LSTM_univar_bidir(df, LSTM_params, summary, name, model_output=True, model_save=True)

LSTM_univar_bidir builds, trains, and evaluates a bidirectional LSTM model for univariate data.

Source code in PyHydroQC/modeling_utilities.py
def LSTM_univar_bidir(df, LSTM_params, summary, name, model_output=True, model_save=True):
    """
    LSTM_univar_bidir builds, trains, and evaluates a bidirectional LSTM model for univariate data.
    """
    scaler = create_scaler(df[['observed']])
    df['obs_scaled'] = scaler.transform(df[['observed']])

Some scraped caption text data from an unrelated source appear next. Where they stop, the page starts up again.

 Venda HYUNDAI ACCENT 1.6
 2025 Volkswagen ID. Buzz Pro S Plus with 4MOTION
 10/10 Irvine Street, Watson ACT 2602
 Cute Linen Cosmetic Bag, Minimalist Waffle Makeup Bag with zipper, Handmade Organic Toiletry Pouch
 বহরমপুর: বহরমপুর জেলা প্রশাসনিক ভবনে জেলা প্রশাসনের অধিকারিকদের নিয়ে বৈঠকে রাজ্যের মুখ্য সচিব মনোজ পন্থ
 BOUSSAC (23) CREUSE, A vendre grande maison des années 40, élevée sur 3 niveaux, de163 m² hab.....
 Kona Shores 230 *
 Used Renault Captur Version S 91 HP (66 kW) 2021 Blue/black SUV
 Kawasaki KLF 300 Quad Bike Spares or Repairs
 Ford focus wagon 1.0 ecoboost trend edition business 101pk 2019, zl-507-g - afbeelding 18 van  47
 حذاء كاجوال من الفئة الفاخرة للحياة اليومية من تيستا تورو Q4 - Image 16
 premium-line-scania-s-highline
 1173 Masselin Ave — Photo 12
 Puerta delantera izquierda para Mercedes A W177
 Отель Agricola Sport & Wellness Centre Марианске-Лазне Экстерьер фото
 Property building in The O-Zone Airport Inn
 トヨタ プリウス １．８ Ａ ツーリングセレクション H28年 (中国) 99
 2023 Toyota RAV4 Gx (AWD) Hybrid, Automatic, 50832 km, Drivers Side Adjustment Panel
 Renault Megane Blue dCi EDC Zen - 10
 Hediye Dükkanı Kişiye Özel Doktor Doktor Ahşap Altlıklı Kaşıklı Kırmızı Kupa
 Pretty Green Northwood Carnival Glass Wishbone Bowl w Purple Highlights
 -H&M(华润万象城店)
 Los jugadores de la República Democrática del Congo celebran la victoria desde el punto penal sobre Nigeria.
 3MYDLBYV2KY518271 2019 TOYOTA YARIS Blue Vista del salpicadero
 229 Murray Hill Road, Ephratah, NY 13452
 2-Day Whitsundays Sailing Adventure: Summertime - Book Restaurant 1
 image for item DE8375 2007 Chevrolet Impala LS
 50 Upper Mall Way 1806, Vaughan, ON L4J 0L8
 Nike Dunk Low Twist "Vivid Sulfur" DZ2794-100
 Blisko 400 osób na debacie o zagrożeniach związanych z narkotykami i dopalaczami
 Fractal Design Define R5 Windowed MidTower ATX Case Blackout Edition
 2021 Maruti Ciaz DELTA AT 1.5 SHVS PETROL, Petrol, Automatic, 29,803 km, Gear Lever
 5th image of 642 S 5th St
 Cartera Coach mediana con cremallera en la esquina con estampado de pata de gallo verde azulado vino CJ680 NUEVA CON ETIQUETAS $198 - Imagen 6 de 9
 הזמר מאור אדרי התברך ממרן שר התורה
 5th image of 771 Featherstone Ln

    X_train, y_train = create_bidir_training_dataset(df[['obs_scaled']], df[['anomaly']], LSTM_params['samples'], LSTM_params['time_steps'])

    num_features = X_train.shape[2]

    if summary:
        print('X_train shape: ' + str(X_train.shape))
        print('y_train shape: ' + str(y_train.shape))
        print('Number of features: ' + str(num_features))

    model = create_bidir_model(LSTM_params['cells'], LSTM_params['time_steps'], num_features, LSTM_params['dropout'])
    if summary:
        model.summary()
        verbose = 1
    else:
        verbose = 0
    history = train_model(X_train, y_train, model, LSTM_params['patience'], verbose=verbose)

    df['raw_scaled'] = scaler.transform(df[['raw']])
    X_test, y_test = create_bidir_sequenced_dataset(df[['raw_scaled']], LSTM_params['time_steps'])

    train_pred = model.predict(X_train)
    test_pred = model.predict(X_test)
    model_eval = model.evaluate(X_test, y_test)

    train_predictions = pd.DataFrame(scaler.inverse_transform(train_pred))
    predictions = pd.DataFrame(scaler.inverse_transform(test_pred))
    y_train_unscaled = pd.DataFrame(scaler.inverse_transform(y_train))
    y_test_unscaled = pd.DataFrame(scaler.inverse_transform(y_test))

    train_residuals = pd.DataFrame(np.abs(train_predictions - y_train_unscaled))
    test_residuals = pd.DataFrame(np.abs(predictions - y_test_unscaled))

    if model_save:
        model.save('originalsavedoutput/models/LSTM_univar_bidir_' + str(name))

    LSTM_univar_bidir = LSTMModelContainer()
    if model_output:
        LSTM_univar_bidir.model = model
        LSTM_univar_bidir.history = history
    LSTM_univar_bidir.X_train = X_train
    LSTM_univar_bidir.y_train = y_train
    LSTM_univar_bidir.X_test = X_test
    LSTM_univar_bidir.y_test = y_test
    LSTM_univar_bidir.model_eval = model_eval
    LSTM_univar_bidir.predictions = predictions
    LSTM_univar_bidir.train_residuals = train_residuals
    LSTM_univar_bidir.test_residuals = test_residuals

    return LSTM_univar_bidir

pdq(data)

pdq is an automated function for finding the order (hyperparameters) of an ARIMA model.

Parameters:
  • data (``) – series of observations

Returns:
  • pdq – list of (p,d,q) ARIMA hyperparameters

Source code in PyHydroQC/modeling_utilities.py
def pdq(data):
    """
    pdq is an automated function for finding the order (hyperparameters) of an ARIMA model.
    Arguments:
        data: series of observations
    Returns:
        pdq: list of (p,d,q) ARIMA hyperparameters
    """
    model = pm.auto_arima(np.array(data), seasonal=False, suppress_warnings=True, error_action="ignore")
    (p, d, q) = model.order
    pdq = [p, d, q]

    return pdq

train_model(X_train, y_train, model, patience, monitor='val_loss', mode='min', epochs=100, verbose=1, batch_size=32, validation_split=0.1)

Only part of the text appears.